I love Cuba. It's a country of strange proportions; slightly surreal in the fashion of Latin American "fantastic reality" fiction. There are overpasses on the highway which remain unfinished after decades, old Soviet-era electricity generators which look like rust-bitten sci-fi nuclear reactors, short street dogs which roam the cities in curious packs. Unlike other countries I've been to, I must say that there are very few which can match Cuba for national pride. The people love their country - politics right or politics wrong - and this pride is immediately noticeable, regardless that the average monthly income is 350 Cuban pesos (roughly 15 Canadian dollars).

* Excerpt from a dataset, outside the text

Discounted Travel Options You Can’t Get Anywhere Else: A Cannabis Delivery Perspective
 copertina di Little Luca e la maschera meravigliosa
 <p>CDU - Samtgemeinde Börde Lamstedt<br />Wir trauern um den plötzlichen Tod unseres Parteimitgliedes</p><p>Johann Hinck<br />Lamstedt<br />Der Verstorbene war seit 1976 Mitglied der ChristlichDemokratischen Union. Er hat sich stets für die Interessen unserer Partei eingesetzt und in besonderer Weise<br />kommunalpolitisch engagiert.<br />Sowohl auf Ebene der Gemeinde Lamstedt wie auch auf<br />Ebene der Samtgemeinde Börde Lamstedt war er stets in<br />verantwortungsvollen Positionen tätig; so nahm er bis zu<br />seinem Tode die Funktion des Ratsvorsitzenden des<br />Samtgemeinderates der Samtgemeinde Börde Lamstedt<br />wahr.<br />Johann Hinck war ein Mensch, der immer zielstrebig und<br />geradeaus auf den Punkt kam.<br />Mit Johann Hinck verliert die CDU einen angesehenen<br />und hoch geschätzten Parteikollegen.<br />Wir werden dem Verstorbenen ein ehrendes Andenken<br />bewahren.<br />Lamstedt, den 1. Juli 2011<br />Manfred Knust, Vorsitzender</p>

I wasn't there to investigate politics. No one there knows what to expect from Raul Castro, short of taking his word that he requires a year to generate ideas to take Cuba forward (though tempting, I thought it pretentious to put quotes around "ideas" and "forward"; I've decided to keep it all verbatim). The Cuban people have come out of a very, very dark time. After the fall of the Soviet Union, they were essentially abandoned by their largest trading partner in the early 90s, which meant disaster for a country who's main export was sugar cane; in other words, they were left to fend for themselves - another Haiti, albeit with a better music scene.

In the last decade they've managed to get back onto their feet economically, but it wasn't without a number of years of extreme hardship. We were told stories of what people subsisted on and it reminded me of what I'd read about the siege of Leningrad: people eating leather for nourishment, cat becoming an ingredient in restaurant food...fun stuff. Canada has become a welcome trading partner since, helping with the development of their oil resources. They now trade their abundance of skilled doctors for petrol with Venezuela. Their greatest export now (aside from educated/skilled workers) is nickel, which they trade extensively with China. Running third is tourism.

I was happy to contribute, as I certainly (and always) learn much in return.